*The data*:
****************************************

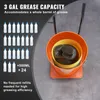 Pompa per grasso VEVOR 20L Pompa per grasso ad aria Anteprima dell’immagine prodotto 5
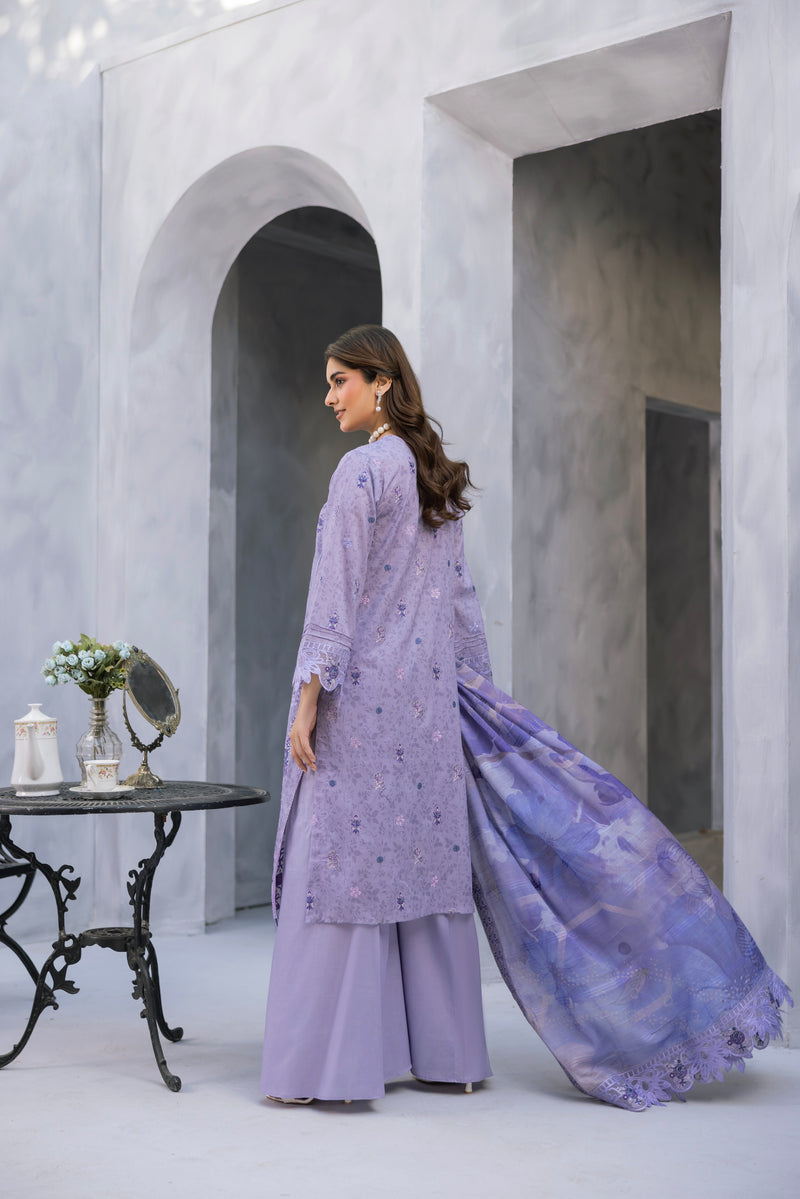 VAYLARA - 3 PC UNSTITCHED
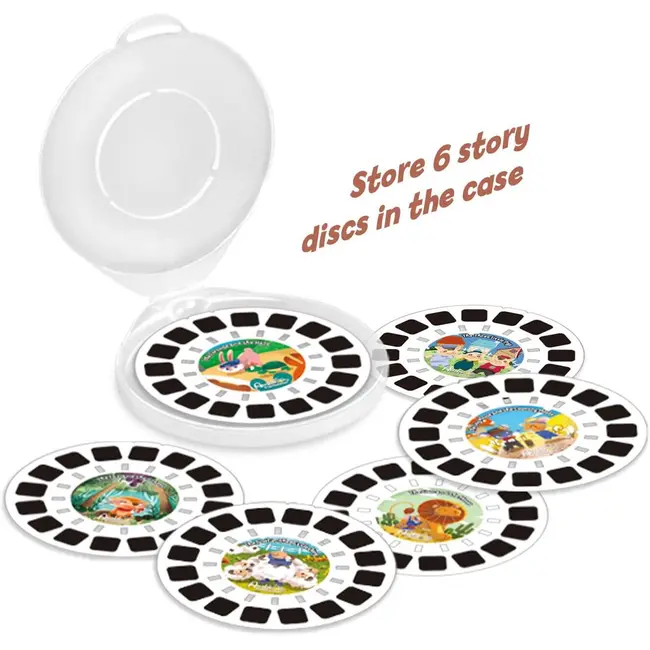 Set 6 discuri cu fabule pentru proiector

****************************************

*Task to complete*: The task requires the full listing to be given again verbatim, without its pictures.

*Your solution*:
 Pompa per grasso VEVOR 20L Pompa per grasso ad aria Anteprima dell’immagine prodotto 5
 VAYLARA - 3 PC UNSTITCHED
 Set 6 discuri cu fabule pentru proiector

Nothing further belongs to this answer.